Task brief:
Copy nothing but the text: repeat each entry exactly and drop the images.

Short descriptive text snippets:
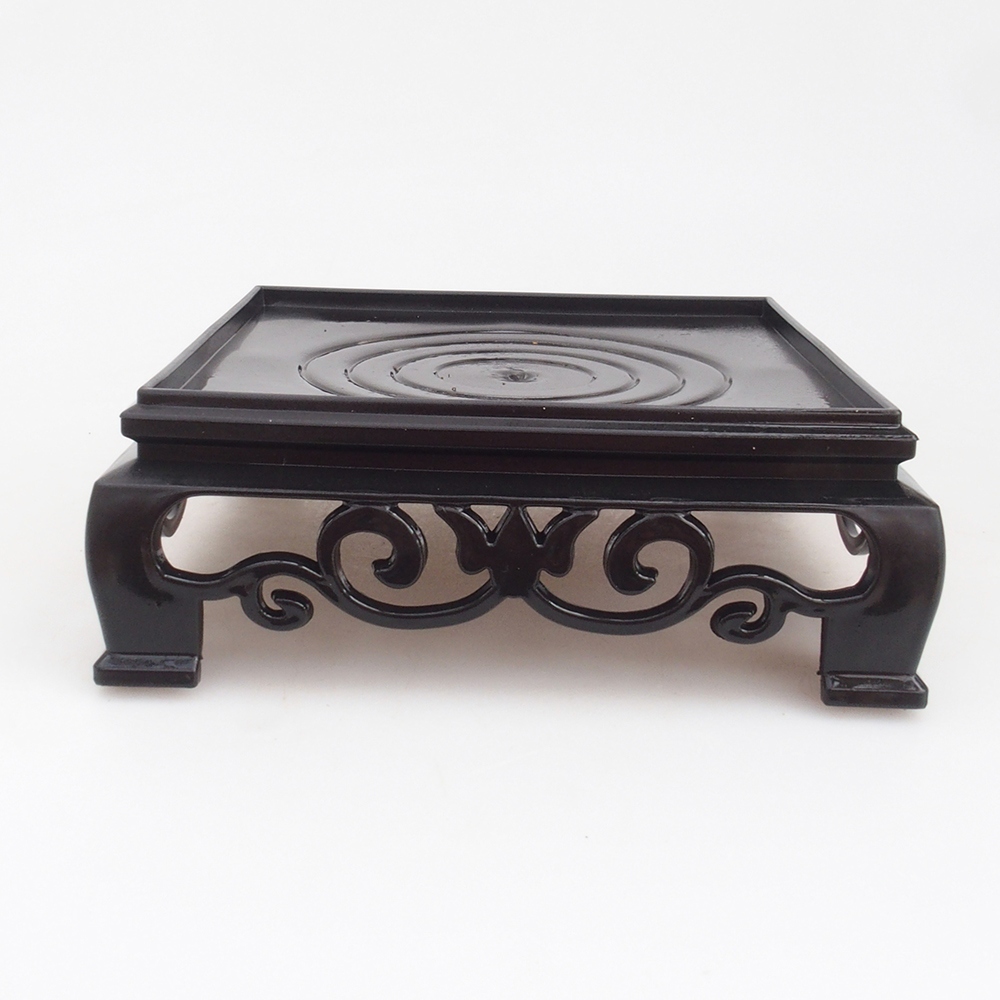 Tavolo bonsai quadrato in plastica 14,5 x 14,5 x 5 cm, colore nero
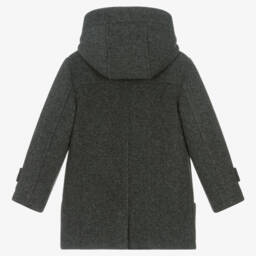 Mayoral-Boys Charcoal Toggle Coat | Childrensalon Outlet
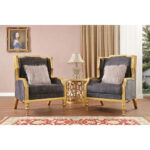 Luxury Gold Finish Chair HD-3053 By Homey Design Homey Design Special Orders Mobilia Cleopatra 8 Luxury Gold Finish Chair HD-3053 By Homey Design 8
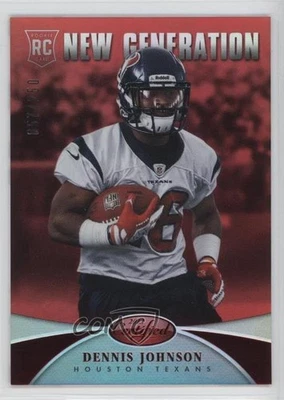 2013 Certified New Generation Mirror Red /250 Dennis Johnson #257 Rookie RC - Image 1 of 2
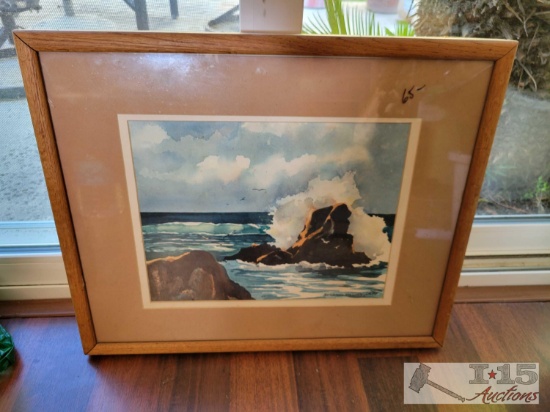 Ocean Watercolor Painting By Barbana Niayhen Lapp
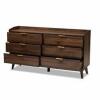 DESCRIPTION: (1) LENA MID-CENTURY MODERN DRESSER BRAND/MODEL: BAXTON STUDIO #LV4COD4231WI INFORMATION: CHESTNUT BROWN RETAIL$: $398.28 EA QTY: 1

Exercise answer:
 Tavolo bonsai quadrato in plastica 14,5 x 14,5 x 5 cm, colore nero
 Mayoral-Boys Charcoal Toggle Coat | Childrensalon Outlet
 Luxury Gold Finish Chair HD-3053 By Homey Design Homey Design Special Orders Mobilia Cleopatra 8 Luxury Gold Finish Chair HD-3053 By Homey Design 8
 2013 Certified New Generation Mirror Red /250 Dennis Johnson #257 Rookie RC - Image 1 of 2
 Ocean Watercolor Painting By Barbana Niayhen Lapp
 DESCRIPTION: (1) LENA MID-CENTURY MODERN DRESSER BRAND/MODEL: BAXTON STUDIO #LV4COD4231WI INFORMATION: CHESTNUT BROWN RETAIL$: $398.28 EA QTY: 1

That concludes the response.